Recall that $\tan(\theta)$ is invertible on the interval $-\pi/2\lt \theta\lt\pi/2$ so for those values we have $\arctan(\tan(\theta))=\theta$.
Notice that since the interval $(-\pi/2,\pi/2)$ is of length $\pi$, we can reach every other input by shifting the open interval $(-\pi/2,\pi/2)$ by some integer multiple of $\pi$. But given that $\tan(\theta)$ is periodic on $\pi$ (which you can confirm with the formula for $\tan(a+b)$), then $\arctan(\tan(\theta))$ also has a period of $\pi$, therefore the outputs repeat so the graph of $\arctan(\tan(\theta))$ is the line segment of $y=\theta$ that goes from the points $(-\pi/2,-\pi/2)$ to $(\pi/2,\pi/2)$ shifted laterally by $\pi k$ units for $k\in\mathbb{Z}$.

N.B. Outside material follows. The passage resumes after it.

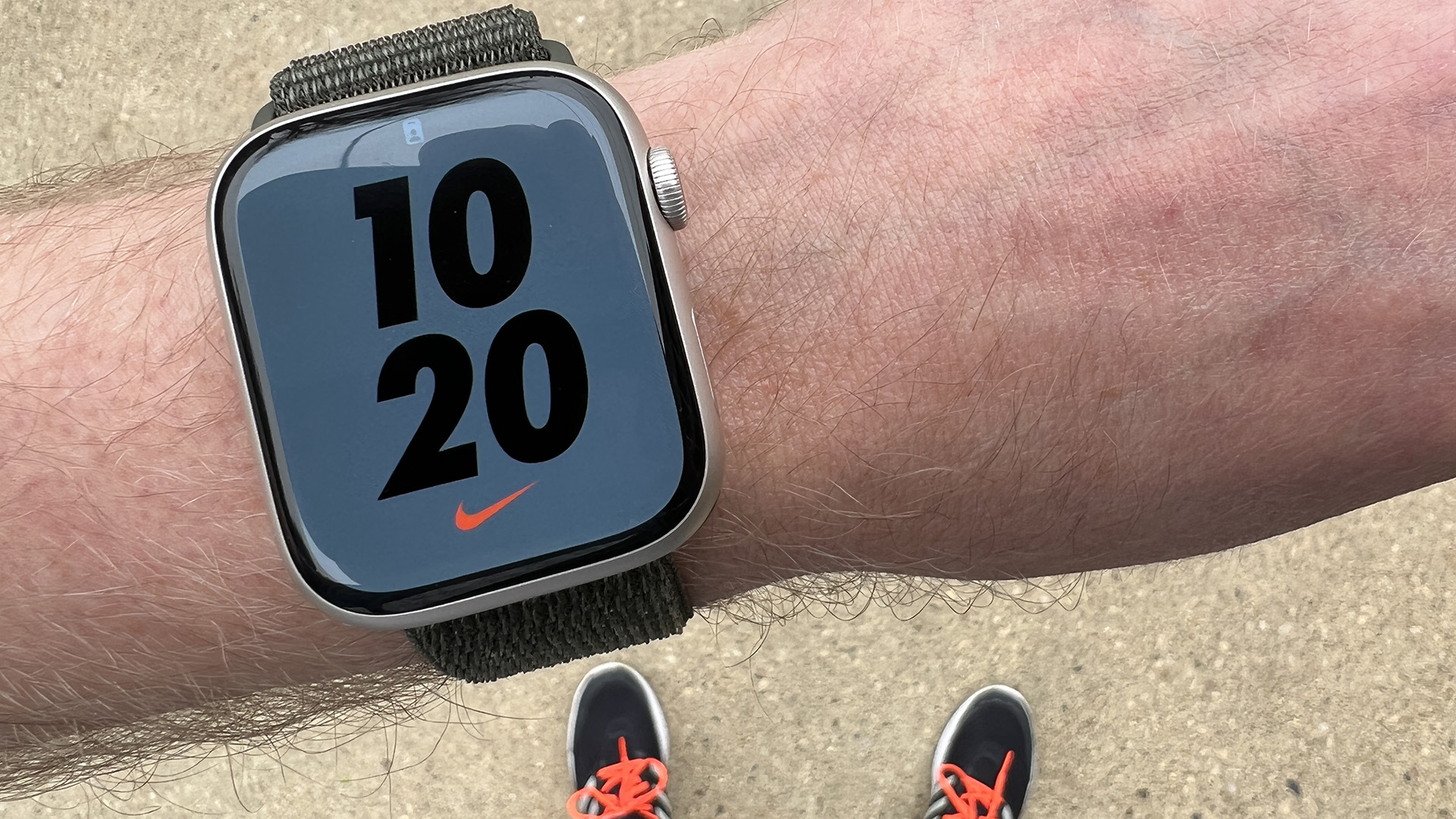 新品未使用 Apple Watch Nike Series 7 41mm - アクセサリー(男性用)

This can be summarized as follows
$$\arctan(\tan(\theta))=\left\{\theta-\pi k: -\frac{\pi}{2}+\pi k\lt \theta\lt\frac{\pi}{2}+\pi k\space, k\in\mathbb{Z}\right\}$$
Replacing $\theta$ with $x/2+\pi/4$ gives the graph $y=x/2+\pi/4-\pi k$ for $k\in\mathbb{Z}$ over the interval $-\pi/2+\pi k\lt x/2+\pi/4\lt\pi/2+\pi k$, which in turn solves to $-3\pi/2+2\pi k\lt x\lt\pi/2+2\pi k$.
So the piecewise definition of $\arctan(\sec(x)+\tan(x))$ becomes
$$\arctan(\sec(x)+\tan(x))=\left\{\frac{x}{2}+\frac{\pi}{4}-\pi k:-\frac{3\pi}{2}+2\pi k\lt x\lt\frac{\pi}{2}+2\pi k\space, k\in\mathbb{Z}\right\}\space (1)$$
so the indefinite integral evaluates to
$$\int\arctan(\sec(x)+\tan(x))dx=\left\{\frac{1}{4}x^2+\frac{1}{4}\pi(1-4k)x+C:-\frac{3\pi}{2}+2\pi k\lt x\lt\frac{\pi}{2}+2\pi k\space, k\in\mathbb{Z}\right\}$$
Or you can use the expression proved in previous answers using IBP and then substitute $(1)$ in place of $\arctan(\sec(x)+\tan(x))$ and you would obtain the exact same answer up to a constant.